The Eurasian Economic Union Treaty will be signed in Astana on May 29. Kazakh President Nursultan Nazarbayev said at a plenary session of the 7th Astana Economic Forum: “In it, we see a competitive association of countries, besides about 200 regional structures all over the world. What is happening in our region is relevant to us. Growing by separation from neighbours, at the expense of their “lapsing” into chaos and disorder, in the end, makes us all weaker – as a region and as a world in general. We need a new, more efficient and fairer architecture of global economic integration. We do not want integration associations, economic unions formed and under formation to be set against each other. On the contrary, they need to cooperate with each other fruitfully and constructively.”

 

Yulia Yakusheva, the executive director of the North-South Center for Political Analysis, said “the Asian region is becoming the key center of attracting global interests. Meanwhile, Western structures are still trying to dictate the agenda of international relations, but the format proposed is largely outdated. The inability of the UN and the OSCE to resolve local and global conflicts, which was especially evident in the political crisis of Ukraine, requires the formation of new methods and approaches to security. The Asian Region as a whole and Central Asia in particular, face a whole complex of security challenges. This includes withdrawal of forces from Afghanistan, drug trafficking, manifestation of radical Islam. The latest events in Afghanistan and the terrorist attacks in Urumchi confirm that stability in the region is very delicate. And the “Eurasian Security Concept” in this case sounds quite timely. To a large degree, the concept corresponds to Nursultan Nazarbayev’s proposal to create a new format of Asian security – the Asian OSCE.”

 

Kazakhstan is concerned about signs of the inability of the OSCE to resolve the conflict in Ukraine.

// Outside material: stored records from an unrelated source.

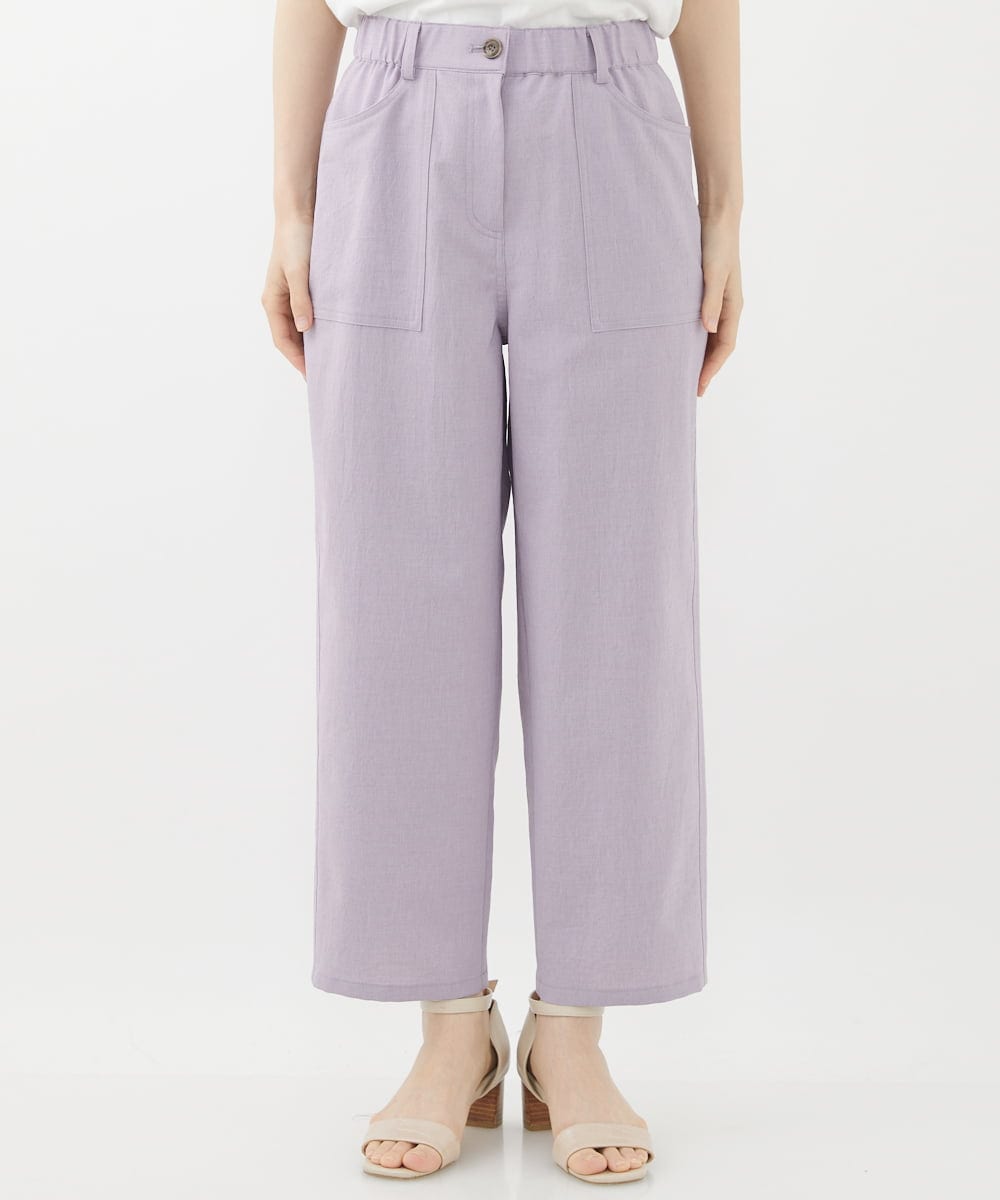 NHLGX87190 GIANNI LO GIUDICE(小さいサイズ)(メゾン ドゥ サンク) [日本製]麻調ツイルベイカーパンツ ブルー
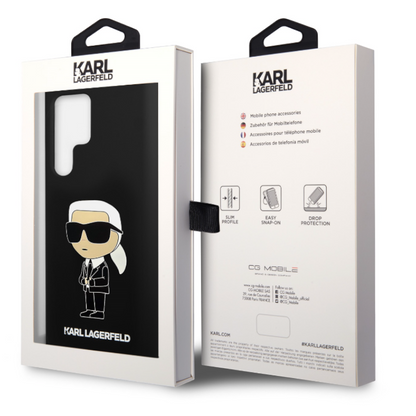 Silikonski ovitek Karl Lagerfeld "Liquid Silicone Choupette" za Samsung Galaxy S24 Ultra (KLHCS24LSNIKBCK)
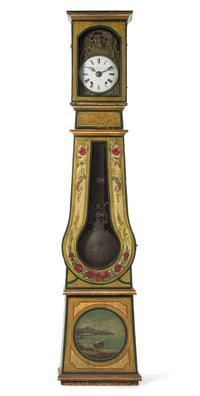 A French Painted Tall Case Clock Height 86 1/2 x width 17 1/4 x depth 9 inches. — 19TH CENTURY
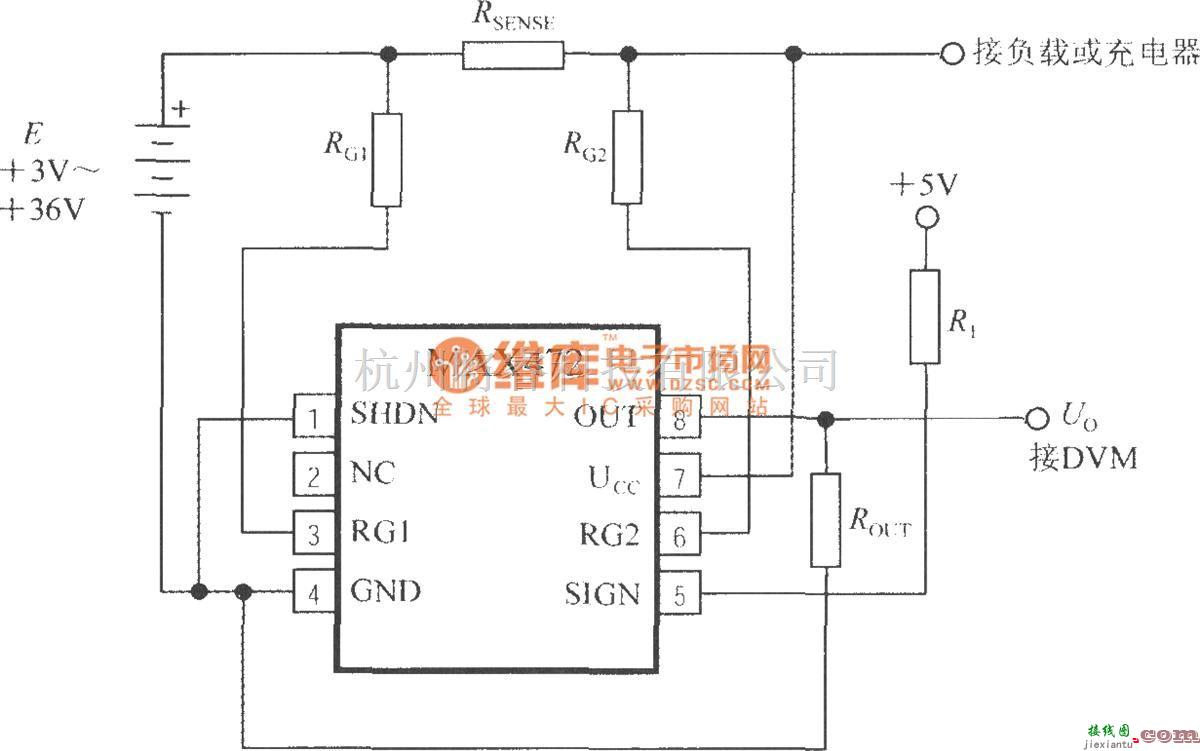 集成电流传感器、变送器中的集成电流传感器MAX472的典型应用电路  第1张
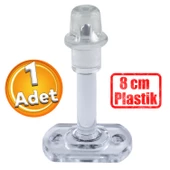 Plastik Kapı Pencere Arkası Şeffaf Tampon 8 CM Vidalı Duvar Koruyucu Silikon Stoper 1 Adet thumbnail 1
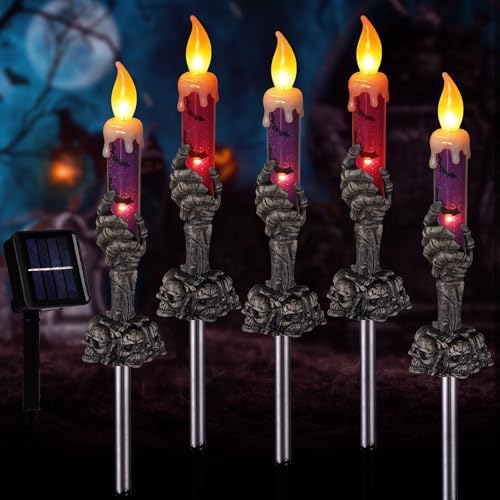 Halloween Decorations Outdoor, Solar Skull Pathway Lights, 5 Pack - Image 7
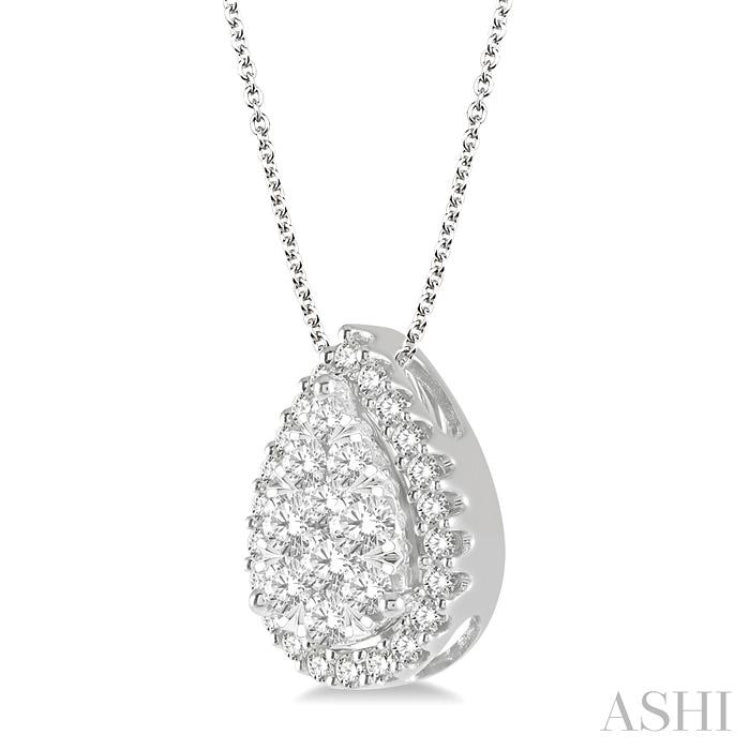 1/2 Ctw Pear Shape Lovebright Round Cut Diamond Pendant With Chain in 14K White Gold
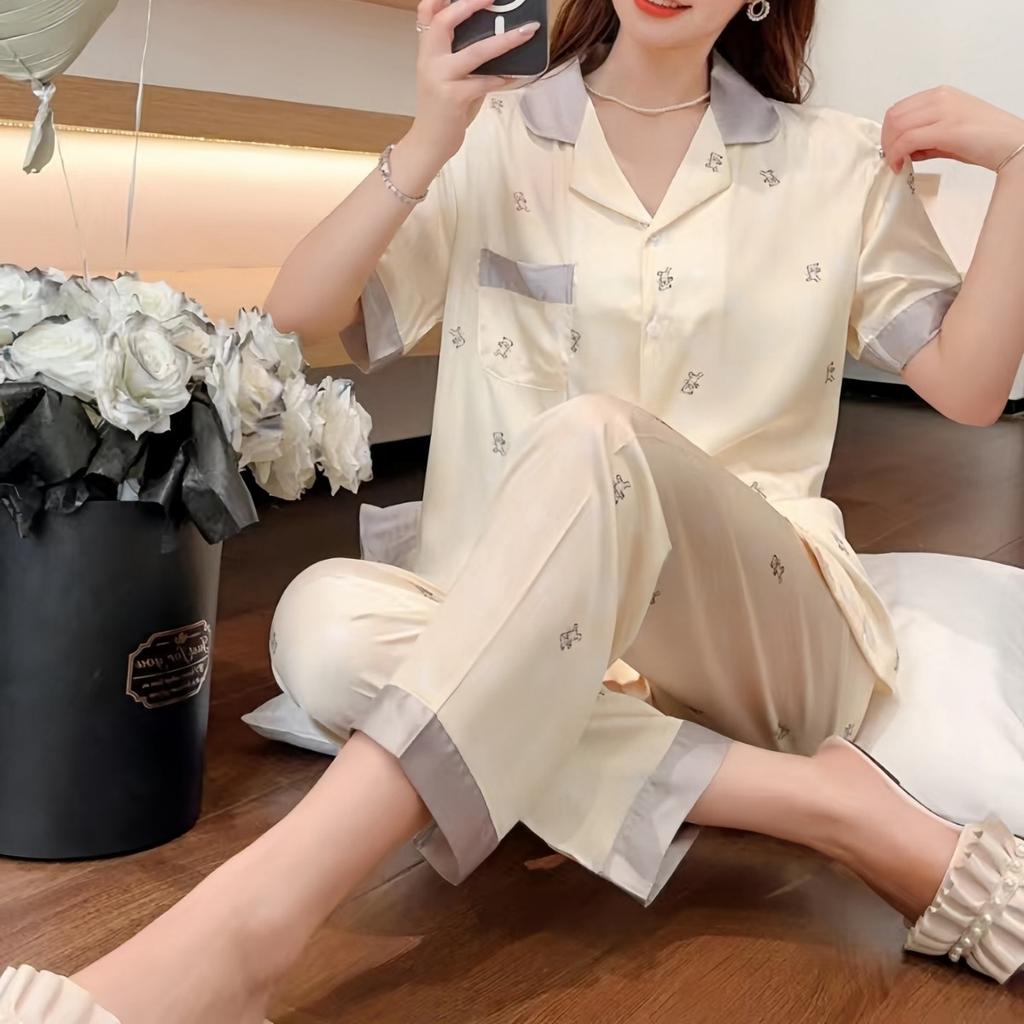 1011 new pajamas women's summer bubble bear short-sleeved three-piece set, high-end light luxury home clothes can be worn outside the home
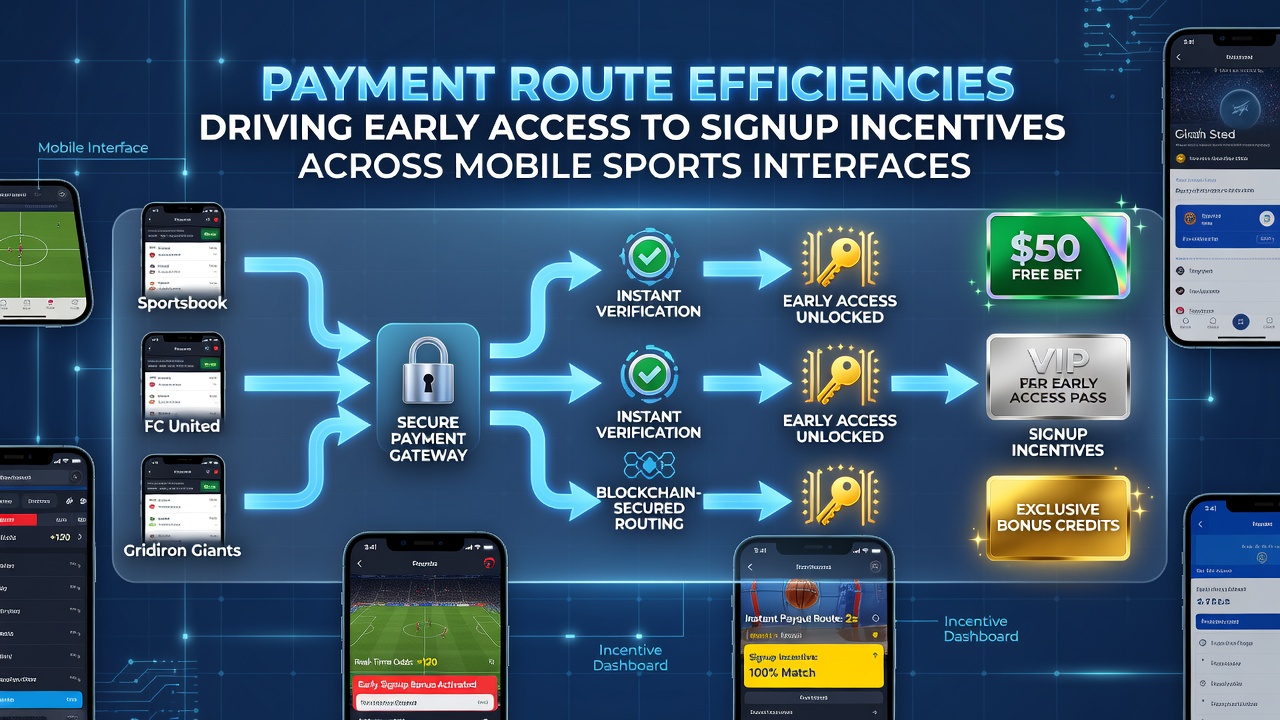 Illustration of streamlined payment flows connecting mobile devices to sports betting incentives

The Kazakh president stated: “One of the reasons for that is the lack of political will to reform the organization, demonstrated by its authorities even after the historic OSCE Astana Summit in 2010.” He added that Kazakhstan “is deeply disappointed that some countries are cloning the worst heritage of the past century today. Backslides of incontinence and justification of forceful methods of conflict-settlement, create dangerous precedents for the rest of the world and encourage a form of bias in settlement of interstate disputes. Kazakhstan expresses concerns that use of sanctioned policy disregards the principles of free trade and the free market on a global scale. I note that such a practice has never been effective in international relations, it obviously limits global economic growth, creates barriers to the formation of a fair global economic system.”

 

He is confident that now “is not the time to throw sanctions around, they will be a painful blow to those they target and they may harm the ones imposing them.” “We need to be aware that economic growth will be even slower than demure expectations. The U.S. cramming their economy with paper dollars should not distance itself from common problems,” said the president.

 

Politicians, in Nazarbayev’s opinion, should learn to live in a global world, stop using attributes of the “Cold War” and trust each other more. “Reduction of the trust line in world policy is a dangerous process because global trust in the 21st century is an exclusively economic category. The higher it is, the more chances for fast restoration of mass economic growth there are,” added the president. Nursultan Nazarbayev considered poverty to be the main problem. In his words, failure to resolve it would push the world towards “a new Mediaeval age” instead of a bright economic future.